[Try it] Set down only these lines, exactly: the line containing "Einführstück für 50" and all lines through the end of the data below. Omit pictures.

BEGIN Dataset content

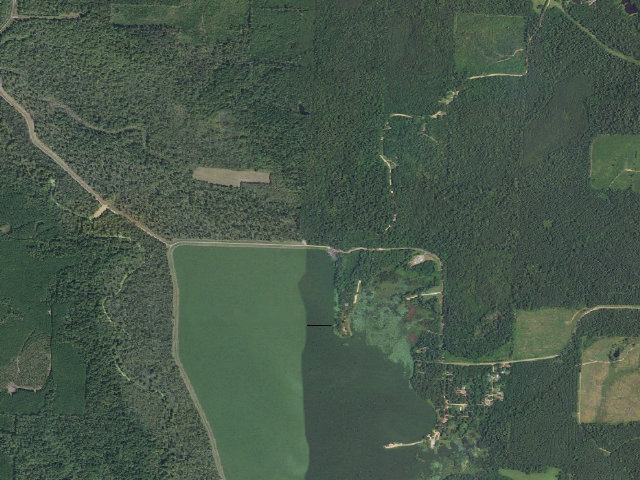 Aerial image of Hatfield Landing Camping Area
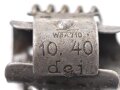 Einführstück für 50 Schuss Gurt MG34/42 der Wehrmacht. Hersteller dej 9.40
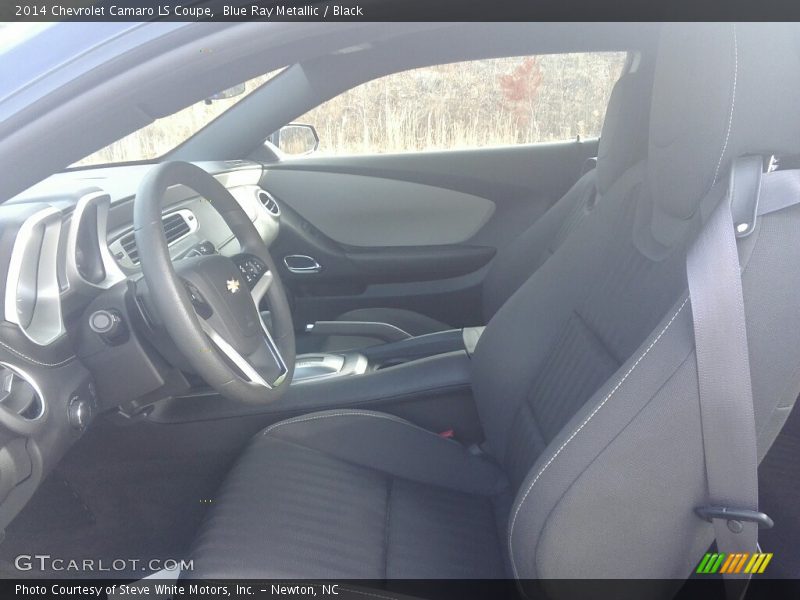 Blue Ray Metallic / Black 2014 Chevrolet Camaro LS Coupe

END Dataset content

[The completed task]
 Einführstück für 50 Schuss Gurt MG34/42 der Wehrmacht. Hersteller dej 9.40
 Blue Ray Metallic / Black 2014 Chevrolet Camaro LS Coupe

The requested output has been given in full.